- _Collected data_
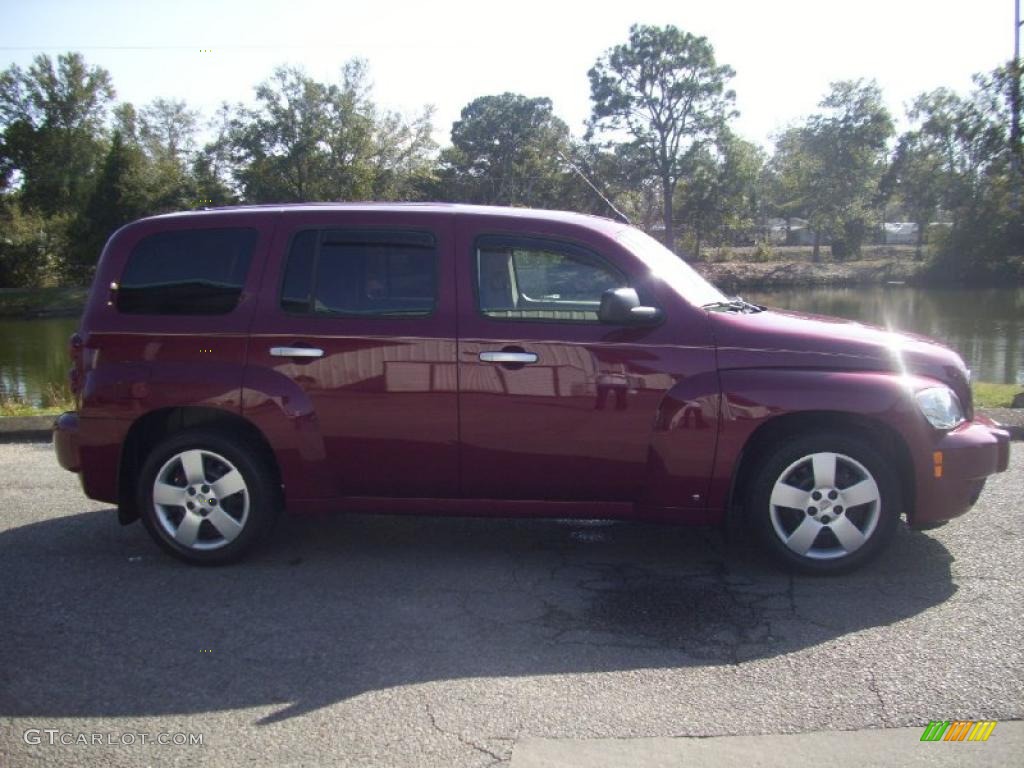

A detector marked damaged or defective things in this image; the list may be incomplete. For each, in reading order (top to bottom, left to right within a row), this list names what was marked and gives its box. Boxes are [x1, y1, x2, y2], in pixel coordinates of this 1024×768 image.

cracked pavement [0, 442, 1019, 765]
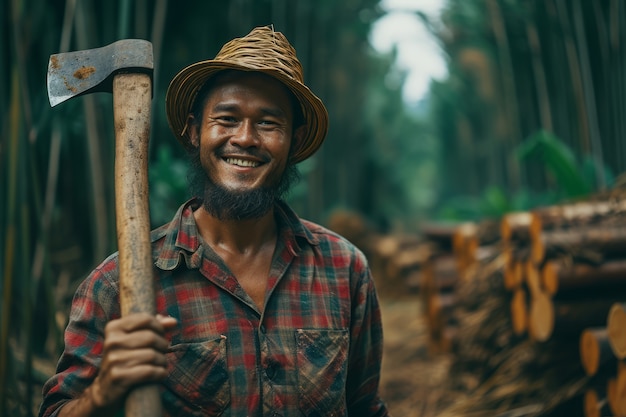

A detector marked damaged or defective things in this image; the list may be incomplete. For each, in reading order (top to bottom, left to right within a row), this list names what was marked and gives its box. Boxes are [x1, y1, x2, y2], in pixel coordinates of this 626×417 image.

rusty axe [48, 39, 161, 416]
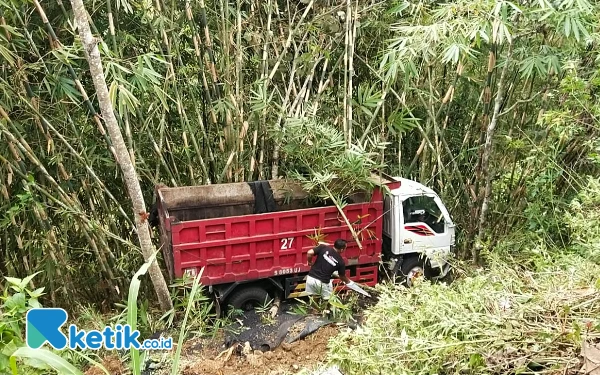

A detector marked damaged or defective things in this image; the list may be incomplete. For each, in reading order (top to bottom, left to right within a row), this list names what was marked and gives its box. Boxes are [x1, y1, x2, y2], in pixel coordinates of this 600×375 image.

damaged truck [154, 174, 454, 314]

- _HOW TO COMPLETE THIS TASK_
Your copy should match the data exactly, apart from the images, which are dropped.

- _ANSWER BELOW_
A detector marked damaged or defective things in this image; the list may be incomplete. For each, in reading order (top to bottom, left to right within a row), this list names what was marked and gives its box. Boxes are [x1, y1, x2, y2], in pixel coordinates of this 1024×768 image.

cracked pavement [0, 442, 1019, 765]

A detector marked damaged or defective things in this image; the list may be incomplete. For each, in reading order (top to bottom, left to right within a row), this list names what was marked and gives its box. Boxes are [x1, y1, x2, y2], in pixel coordinates of this 626×417 image.

rusty axe [48, 39, 161, 416]

A detector marked damaged or defective things in this image; the list may be incomplete. For each, in reading order (top to bottom, left to right within a row), this list names what was marked and gives its box. Boxes are [x1, y1, x2, y2], in pixel coordinates of this 600×375 image.

damaged truck [154, 174, 454, 314]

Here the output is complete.